WHAT IS REQUIRED
Once the line containing "From Puppy To A Doggy (41 pics)" is found in the entries below, reproduce it and every line after it, stopping at and including the line containing "μm - flagelina"; reproduce nothing else, and keep each line exact.

TASK MATERIAL
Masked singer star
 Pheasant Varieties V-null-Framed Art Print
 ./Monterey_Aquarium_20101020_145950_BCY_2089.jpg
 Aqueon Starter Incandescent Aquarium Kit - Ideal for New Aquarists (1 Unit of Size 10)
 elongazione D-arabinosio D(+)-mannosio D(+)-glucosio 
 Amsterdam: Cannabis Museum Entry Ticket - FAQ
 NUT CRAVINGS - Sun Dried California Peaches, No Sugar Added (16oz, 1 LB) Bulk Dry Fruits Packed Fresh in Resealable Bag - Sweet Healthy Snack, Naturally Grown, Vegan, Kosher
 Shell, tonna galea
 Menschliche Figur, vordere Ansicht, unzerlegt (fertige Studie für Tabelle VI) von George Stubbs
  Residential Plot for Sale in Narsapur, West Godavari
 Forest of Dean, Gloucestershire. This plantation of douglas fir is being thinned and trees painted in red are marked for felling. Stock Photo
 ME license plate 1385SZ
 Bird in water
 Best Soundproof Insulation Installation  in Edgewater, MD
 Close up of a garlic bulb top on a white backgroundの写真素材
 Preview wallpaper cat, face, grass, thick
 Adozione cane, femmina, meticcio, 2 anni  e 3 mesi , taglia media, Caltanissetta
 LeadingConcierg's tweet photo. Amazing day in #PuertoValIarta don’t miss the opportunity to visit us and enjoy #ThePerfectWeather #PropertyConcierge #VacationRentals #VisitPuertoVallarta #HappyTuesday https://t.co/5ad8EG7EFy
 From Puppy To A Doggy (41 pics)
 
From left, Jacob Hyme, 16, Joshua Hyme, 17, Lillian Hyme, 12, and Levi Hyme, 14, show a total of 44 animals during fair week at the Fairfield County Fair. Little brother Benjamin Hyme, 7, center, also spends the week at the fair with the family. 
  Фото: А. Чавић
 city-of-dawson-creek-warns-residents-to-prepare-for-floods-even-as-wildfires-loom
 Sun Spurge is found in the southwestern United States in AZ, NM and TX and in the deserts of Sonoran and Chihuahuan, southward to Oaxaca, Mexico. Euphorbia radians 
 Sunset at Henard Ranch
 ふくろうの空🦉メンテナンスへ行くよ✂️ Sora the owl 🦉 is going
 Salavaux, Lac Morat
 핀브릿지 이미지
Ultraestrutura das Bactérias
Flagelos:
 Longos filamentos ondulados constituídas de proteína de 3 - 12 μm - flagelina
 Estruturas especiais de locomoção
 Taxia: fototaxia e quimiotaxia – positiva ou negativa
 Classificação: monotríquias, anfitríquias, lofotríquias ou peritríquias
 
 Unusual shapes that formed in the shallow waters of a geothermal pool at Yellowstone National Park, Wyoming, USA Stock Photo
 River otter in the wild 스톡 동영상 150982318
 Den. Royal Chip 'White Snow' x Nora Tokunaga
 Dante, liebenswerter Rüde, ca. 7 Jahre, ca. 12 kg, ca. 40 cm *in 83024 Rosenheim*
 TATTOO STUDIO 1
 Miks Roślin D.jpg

RESPONSE
 From Puppy To A Doggy (41 pics)
 
From left, Jacob Hyme, 16, Joshua Hyme, 17, Lillian Hyme, 12, and Levi Hyme, 14, show a total of 44 animals during fair week at the Fairfield County Fair. Little brother Benjamin Hyme, 7, center, also spends the week at the fair with the family. 
  Фото: А. Чавић
 city-of-dawson-creek-warns-residents-to-prepare-for-floods-even-as-wildfires-loom
 Sun Spurge is found in the southwestern United States in AZ, NM and TX and in the deserts of Sonoran and Chihuahuan, southward to Oaxaca, Mexico. Euphorbia radians 
 Sunset at Henard Ranch
 ふくろうの空🦉メンテナンスへ行くよ✂️ Sora the owl 🦉 is going
 Salavaux, Lac Morat
 핀브릿지 이미지
Ultraestrutura das Bactérias
Flagelos:
 Longos filamentos ondulados constituídas de proteína de 3 - 12 μm - flagelina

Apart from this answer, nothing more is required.